Binary Search Tree (BST)

https://www.geeksforgeeks.org/binary-search-tree-set-1-search-and-insertion/

# Python program to demonstrate delete operation
# in binary search tree
 
# A Binary Tree Node
class Node:
 
    # Constructor to create a new node
    def __init__(self, key):
        self.key = key 
        self.left = None
        self.right = None
 
 
# A utility function to do inorder traversal of BST
def inorder(root):
    if root is not None:
        inorder(root.left)
        print root.key,
        inorder(root.right)
 
 
# A utility function to insert a new node with given key in BST
def insert( node, key):
 
    # If the tree is empty, return a new node
    if node is None:
        return Node(key)
 
    # Otherwise recur down the tree
    if key < node.key:
        node.left = insert(node.left, key)
    else:
        node.right = insert(node.right, key)
 
    # return the (unchanged) node pointer
    return node
 
# Given a non-empty binary search tree, return the node
# with minum key value found in that tree.
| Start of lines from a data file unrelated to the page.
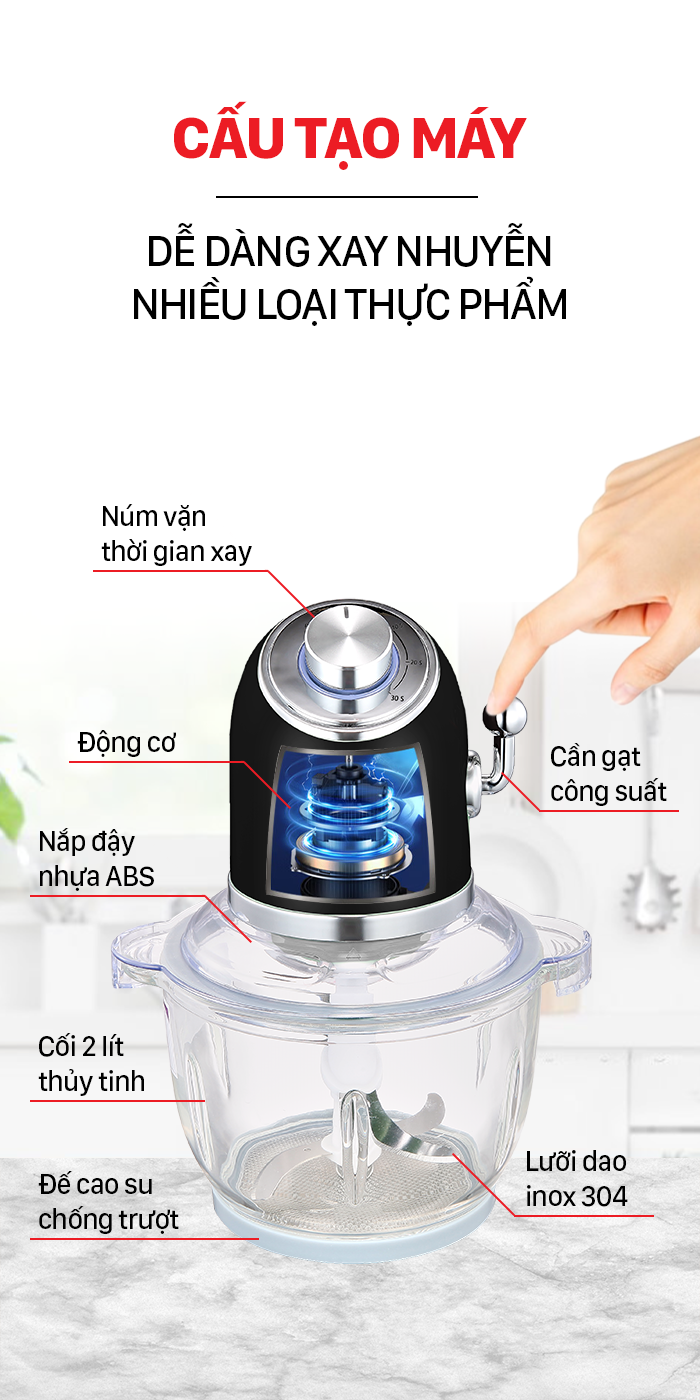 Máy xay thịt Roler RB-4335 Đen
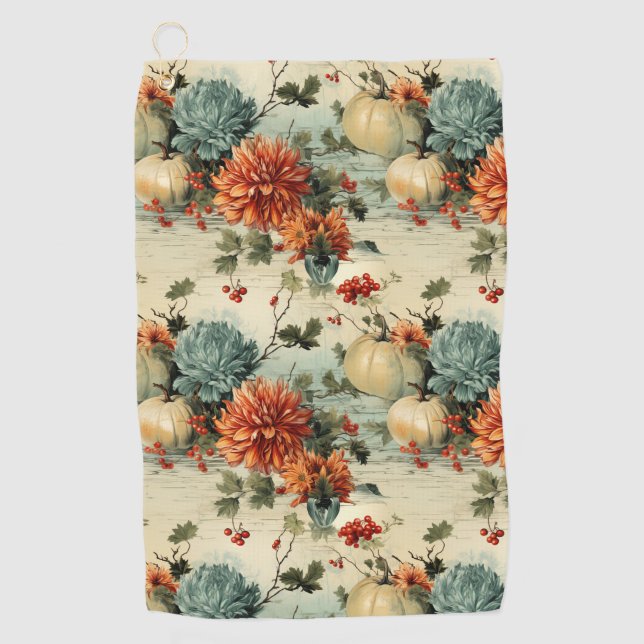 Floral Thanksgiving Vintage Pattern (1) Golf Towel (Front)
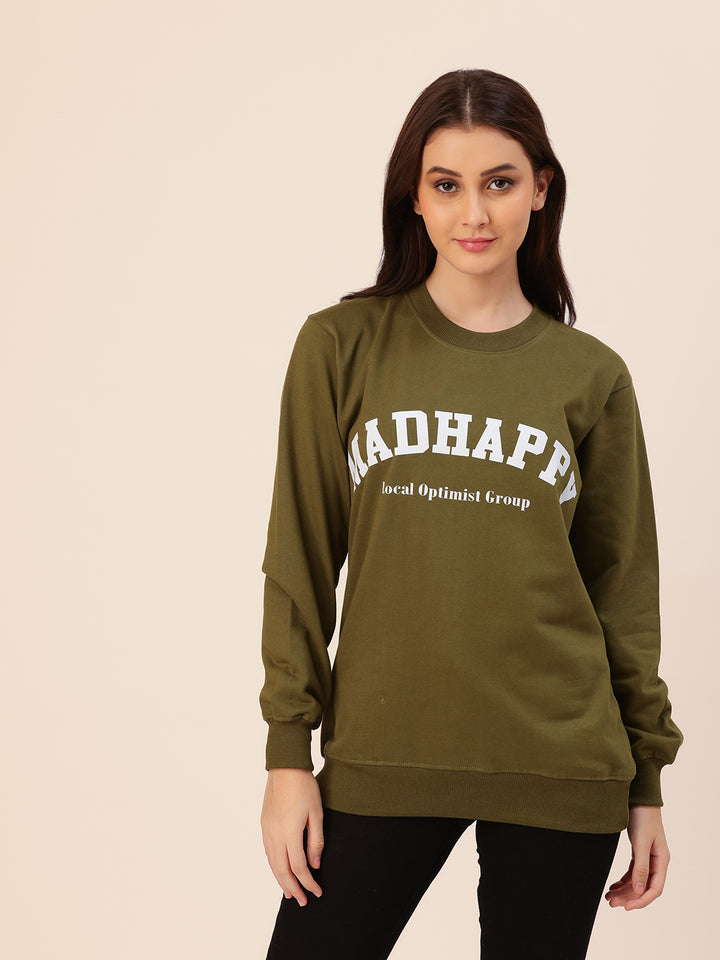 Madhappy Olive Printed Sweatshirt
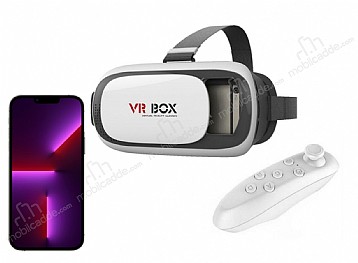 VR BOX iPhone 13 Pro Bluetooth Kontrol Kumandal 3D Sanal Gereklik Gzl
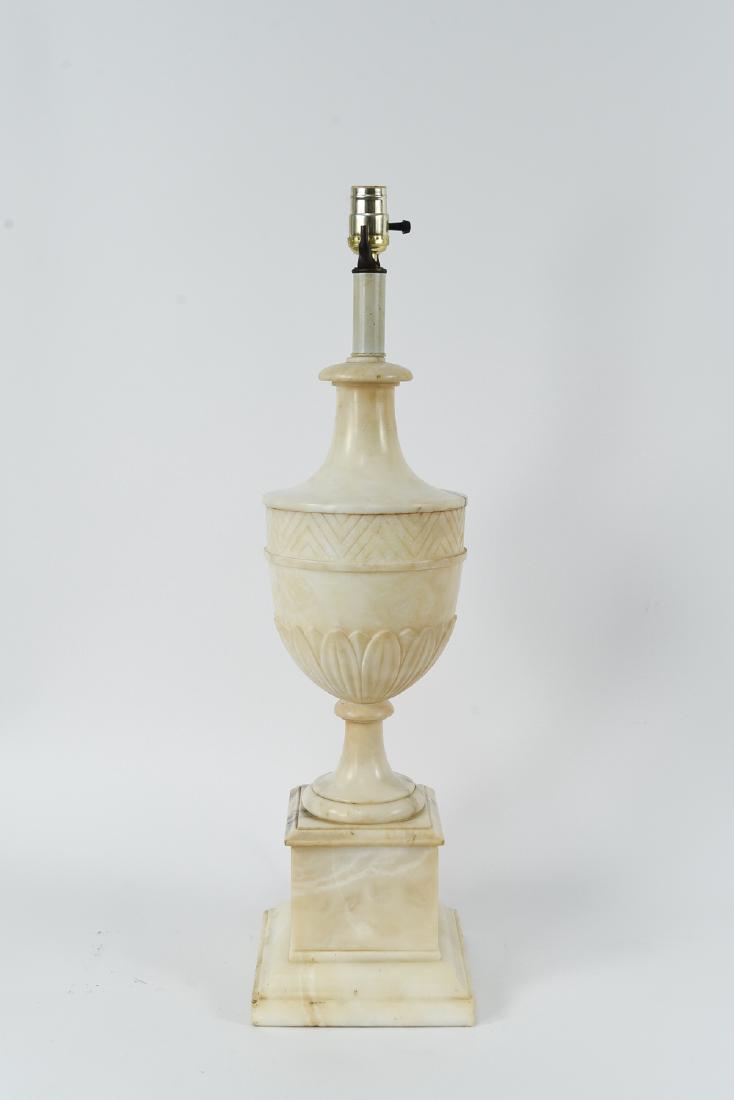 ALABASTER LAMP: Dimensions: H 27.25" x W 7.75" x D 7.75" Condition: Not tested. Some discoloration. Few small flea bites. Top hardware needs restoration.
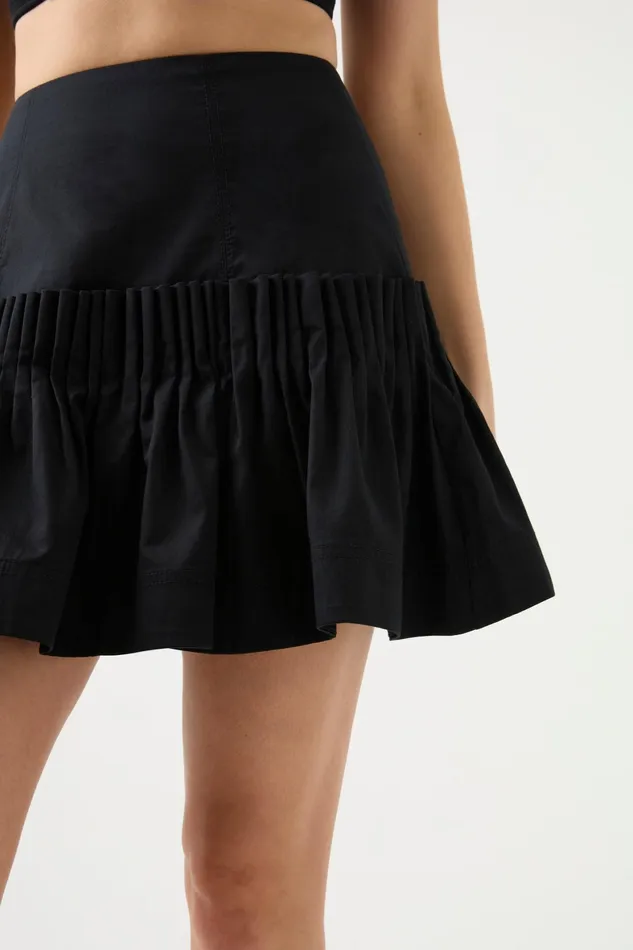 Aje Niki Pleated Mini Skirt Black Women Skirts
Note that the
# entire tree does not need to be searched 
def minValueNode( node):
    current = node
 
    # loop down to find the leftmost leaf
    while(current.left is not None):
        current = current.left 
 
    return current 
 
# Given a binary search tree and a key, this function
# delete the key and returns the new root
def deleteNode(root, key):
 
    # Base Case
    if root is None:
        return root 
 
    # If the key to be deleted is smaller than the root's
    # key then it lies in  left subtree
    if key < root.key:
        root.left = deleteNode(root.left, key)
 
    # If the kye to be delete is greater than the root's key
    # then it lies in right subtree
    elif(key > root.key):
        root.right = deleteNode(root.right, key)
 
    # If key is same as root's key, then this is the node
    # to be deleted
    else:
         
        # Node with only one child or no child
        if root.left is None :
            temp = root.right 
            root = None
            return temp 
             
        elif root.right is None :
            temp = root.left 
            root = None
            return temp
 
        # Node with two children: Get the inorder successor
        # (smallest in the right subtree)
        temp = minValueNode(root.right)
 
        # Copy the inorder successor's content to this node
        root.key = temp.key
 
        # Delete the inorder successor
        root.right = deleteNode(root.right , temp.key)
    return root 

Graphs

https://www.python.org/doc/essays/graphs/
https://www.python-course.eu/graphs_python.php
https://eddmann.com/posts/depth-first-search-and-breadth-first-search-in-python/

graph = {'A': set(['B', 'C']),
         'B': set(['A', 'D', 'E']),
         'C': set(['A', 'F']),
         'D': set(['B']),
         'E': set(['B', 'F']),
         'F': set(['C', 'E'])}

Depth First Search (DFS)

def dfs(graph, start):
    visited, stack = set(), [start]
    while stack:
        vertex = stack.pop()
        if vertex not in visited:
            visited.add(vertex)
            stack.extend(graph[vertex] - visited)
    return visited

dfs(graph, 'A') # {'E', 'D', 'F', 'A', 'C', 'B'}

def dfs(graph, start, visited=None):
    if visited is None:
        visited = set()
    visited.add(start)
    for next in graph[start] - visited:
        dfs(graph, next, visited)
    return visited

dfs(graph, 'C') # {'E', 'D', 'F', 'A', 'C', 'B'}

def dfs_paths(graph, start, goal):
    stack = [(start, [start])]
    while stack:
        (vertex, path) = stack.pop()
        for next in graph[vertex] - set(path):
            if next == goal:
                yield path + [next]
            else:
                stack.append((next, path + [next]))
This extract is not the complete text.